Il centrocampista ha continuato il suo lavoro di corsa e cucitura a centrocampo senza lesinare energie. Venerdì scorso è stato premiato come Mvp della gara contro il Cagliari, quando Thuram lo ha portato in trionfo a seguito del 2-0.
La fiducia di Chivu non ha mai vacillato. Ha mantenuto Barella titolare in 27 gare su 30 quando il giocatore è stato a disposizione, nonostante il periodo non facilissimo prima dei playoff mondiali. Un dato che parla chiaro: il vice-capitano è incedibile nella visione tattica del tecnico.

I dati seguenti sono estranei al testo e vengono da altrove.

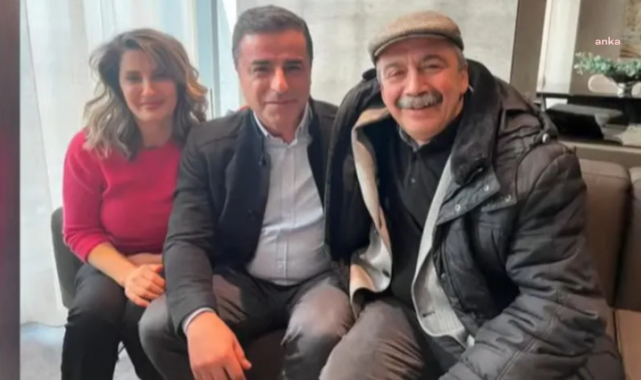 Başak Demirtaş: "Sağlığım iyi, daha da iyiye gidiyor"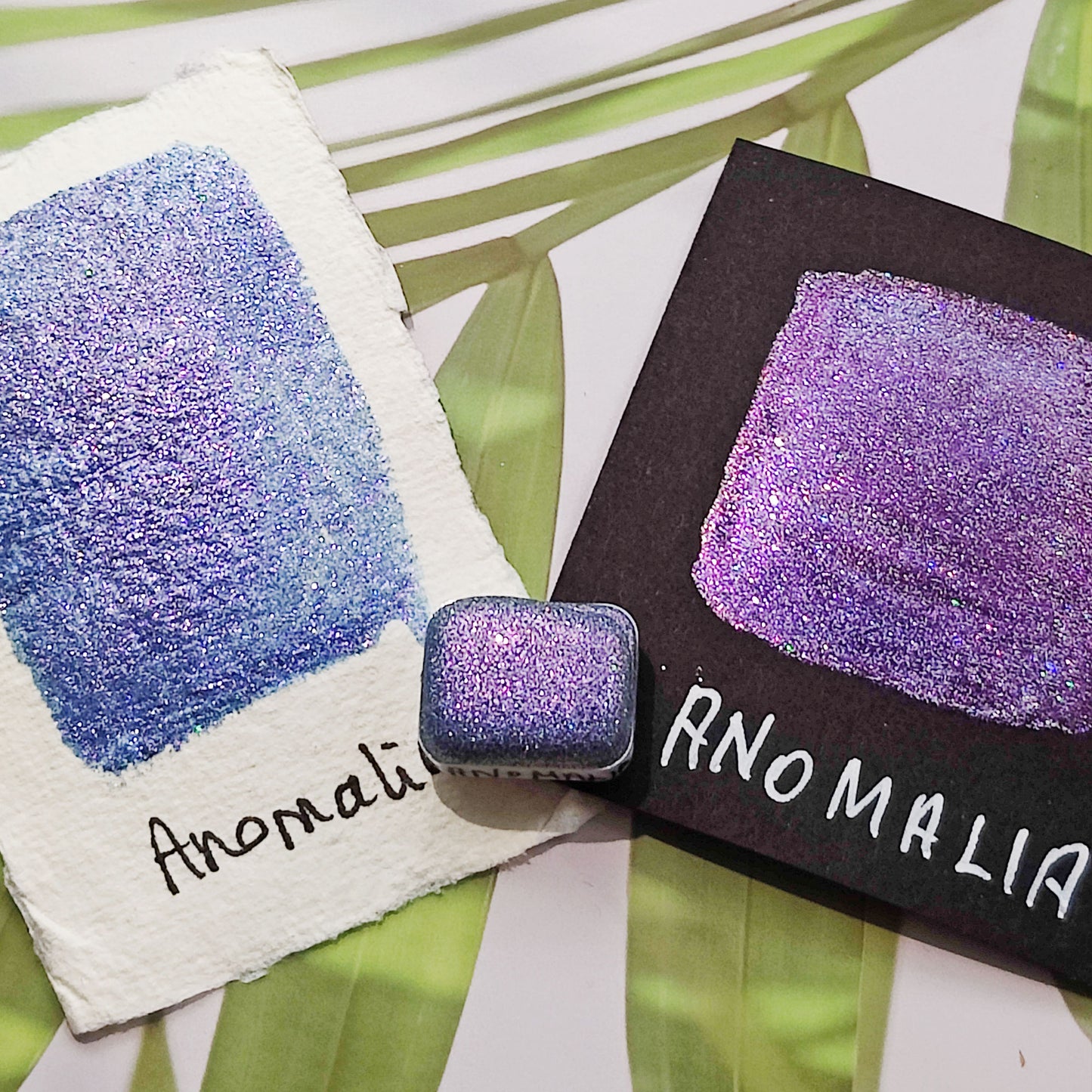 HOLO ANOMALY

Centrocampo in bilico: Calhanoglu, Mkhitaryan, Frattesi in discussione
Attorno a Barella, tutto cambia. Calhanoglu è sotto osservazione, Mkhitaryan potrebbe dire addio al calcio, Frattesi è in uscita e Diouf rimane in dubbio. La rivoluzione a centrocampo è reale, ma il vice-capitano ne rappresenta l’ancora di stabilità. Anche in vista della partita contro il Como in Coppa Italia di domani sera, la formazione ruoterà intorno alla sua presenza.
I dubbi riguardano il possibile rientro di Bastoni in difesa e l’assenza certa di Lautaro. Recuperato invece Bisseck. Di sicuro, però, Barella sarà al centro del progetto nerazzurro. La scelta di mantenerlo come punto fermo non è casuale: è il riconoscimento di una leadership che Chivu non intende scardinare, indipendentemente dai cambiamenti che investiranno il resto della mediana.